"There seems to be a misunderstanding." How Australia found, and then lost, our first gay cricketer.


If you Google the term ‘gay cricketer’ it will take less a fraction of a second for you to be delivered the result: James Faulkner.

There’s just one significant problem.

James Faulkner is not gay.

But for one night, at the end of April, 2019, a lot of people thought he was.

He made history. Right before he… didn’t.

An Instagram post shared to Faulkner’s 340,000 followers at around 9pm on Wednesday pictured the 29-year-old , who plays for Tasmania, sitting alongside his mother and another friend.

The caption read, “Birthday dinner with the boyfriend and my mother,” and was followed by the hashtag #togetherfor5years.


Overnight, the post attracted more than 18,000 likes and hundreds of comments, most congratulating Faulkner on his bravery.

“Happy birthday mate! Great courage,” fellow cricketer Glenn Maxwell commented, with AFL player Dale Thomas adding, “Well done brother, so happy for you both.”

One word and a hashtag were enough for the media to run with it – perhaps proving our desperation to print the headline in the first place.

The only international cricketer to openly identify as gay during his career is England’s Steven Davies, a decision that was considered “groundbreaking” and “courageous” in 2011.

In Australia, you could count on one hand professional sportsmen who are openly gay. Ian Roberts was the first high-profile Australian sports person to ‘come out’ to the public as gay in 1995, and the first rugby footballer in the world.

It was only last year that French footballer Olivier Giroud said, “It’s impossible to be openly homosexual in football,” with only two openly gay professional players in world soccer.

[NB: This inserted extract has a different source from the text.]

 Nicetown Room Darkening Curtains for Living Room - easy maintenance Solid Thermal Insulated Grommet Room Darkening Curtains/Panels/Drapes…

To have an Australian cricketer put his hand up, and add his name to a disproportionately short list of LGBTQI sportsmen, would’ve indeed been a moment worthy of celebration.

But then Cricket Australia released their statement.

“[James Faulkner’s] comment was made as a genuine reflection of his relationship with his business partner, best friend and housemate of five years. He was not contacted for clarification before some outlets reported his Instagram post as an announcement of a homosexual relationship,” the statement read.

“James and CA are supportive of the LGBQTI community and recognise coming out can be an incredibly emotional time. The post was not in any way meant to make light of this and, though the support from the community was overwhelming and positive, Cricket Australia apologises for any unintended offence.”

They also clarified that “the social commentary this morning” was never intended to be a joke by Faulkner.

Faulkner then shared an additional post on Instagram with the caption: “There seems to be a misunderstanding about my post from last night, I am not gay, however it has been fantastic to see the support from and for the LBGT community. Let’s never forget love is love, however @robjubbsta is just a great friend. Last night marked five years of being house mates! Good on everyone for being so supportive.”


And just like that, we were back at square one.

In 24 hours we found, and then lost, our first gay cricketer.

Let’s hope the outpouring of support will encourage the next man, who feels his sexuality is incompatible with the world in which he operates, to publicly identify as gay.